During the conversation, Jury also spoke to the importance of being engaged in an investment club as a student to enhance preparation, interest and expertise.  “When we ask you, ‘What’s your view on the Fed right now? ... you’ll have an answer,” she said.

In addition to developing informed opinions, Jury advised students to hone networking skills to support their personal growth. In particular, she said, it’s important to seek opportunities to find a sponsor early in one’s career. In such a relationship, she stressed that the junior employee should have something to offer that can add relevant value for the sponsor.

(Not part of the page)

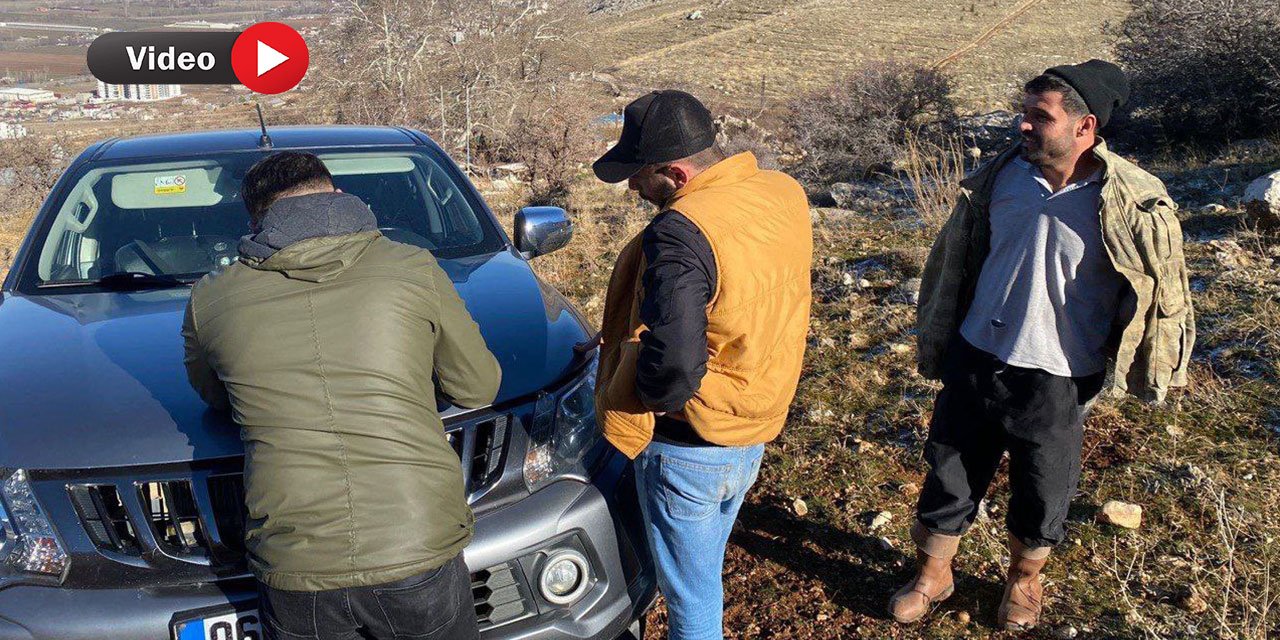 Kahramanmaraş’ta Koruma Altındaki Hayvanları Avlayanlara Ceza Yağdı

This professional network can be particularly beneficial to women and minorities in finance. She acknowledged that Wall Street in general has historically been perceived slow to promote diversity, but that J.P. Morgan specifically has been doing “a spectacular job.”

Both Jury and Desguin remarked that there were also benefits to being a woman in a male-dominated industry. “Being a woman differentiates you initially,” Desguin said. It gives you the opportunity to stand out and be remembered.

Jury wrapped up the conversation by taking questions from the audience. Student queries included advice on finding sponsors and moving up the career ladder. Jury called upon her husband, Stephen — also a managing director at J.P. Morgan — and Desguin to offer their own perspectives, and drew upon her own experiences to offer realistic career guidance.